The German government has stepped up its commitment to sustainable capital market financing with a plan to issue its first green bonds – or Grünen Bundeswertpapieren – in September.
Alexander Schubert, senior portfolio manager at Union Investment, told IPE that issuing green bonds goes beyond legal requirements to underpin the credibility of the government on issues such as climate change, energy transition and biodiversity.
He said this move “should continue to provide great support for the segment of sustainable capital market financing, which has grown strongly in recent years, and convince other issuers to deal intensively with these issues”.
Jana Desirée Wunderlich, head of capital investment at Hannoversche Kassen, agreed, saying the state should play “a role model and a function of guidance”, which it can signal through the issuance of green bonds.
Union Investment has expressed its “very positive view” on the government’s intention to issue green bonds through a dialogue with the German Finance Agency in recent years.
Investors seemed to have embraced the idea to drive social and ecological transformation as in May German chancellor Angela Merkel addressed the international community to step up efforts to protect the environment.
Hannoversche Kasse is in favour of green government bonds too, but remains wary of the coupon. “We generally do not invest in bonds with a 0% coupon,” Wunderlich added.
According to the plan released by the Finance Agency in June, the government will issue “twin bonds”, green bonds and conventional bonds, with a 10-year maturity and an identical coupon of 0%. They will only differ in price. The government expects to cash in between €8-12bn for 2020.
“We generally do not invest in bonds with a 0% coupon”
Jana Desirée Wunderlich, head of capital investment at Hannoversche Kassen
The move is seen as a first step to experience with the new instrument, and at the same time to observe capital market interactions between conventional and green bonds.
In this context, Schubert said it is important that the capital market curve for conventional bonds does not become fragmented. Conventional bonds are the safest and most liquid instruments in the euro bond market, he added.
To avoid different funding curves, the government is offering an option to convert green bonds into conventional bonds.
“Due to this exchange option, the green bond is unlikely to trade significantly below the price of conventional bonds, otherwise arbitrage will set in by using the exchange option,” he said.
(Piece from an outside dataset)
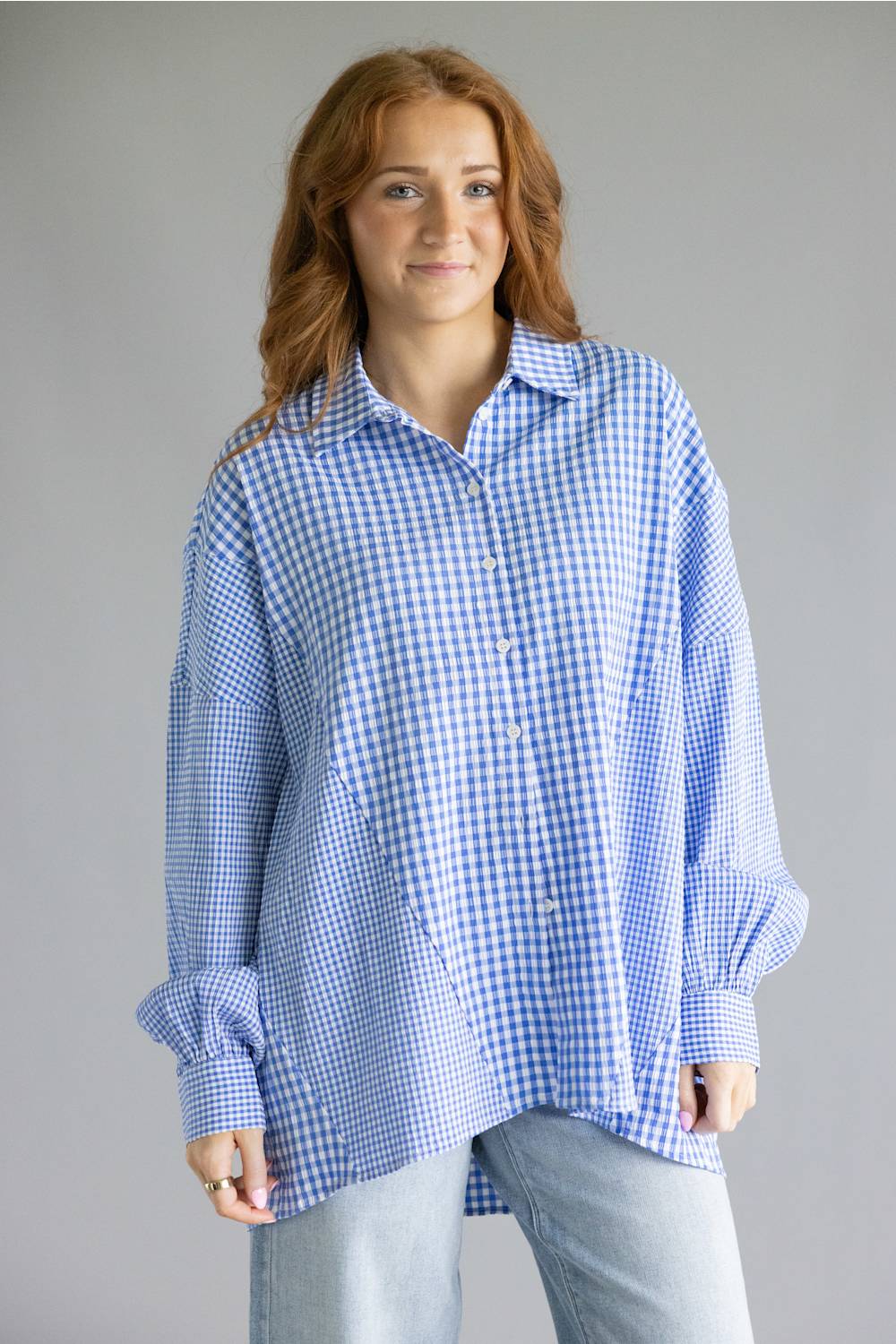 ACOA Mixed Gingham Oversized Button Up Shirt for Women in Blue | ACT12572-BLU - Image 4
The German government plans to issue a second tranche of green bonds in Q4 with a five-year maturity.
Wunderlich said the first issue is only a start, adding that ideally the money raised will be deployed into sustainable projects.
But Schubert noted that the federal budget is subject to the ‘universality principle’ or Gesamtdeckungsprinzip.
“This means that funds borrowed – whether green or conventional – are used to cover the expenses of the overall budget without differentiation in the use of the funds based on legal requirements,” he concluded.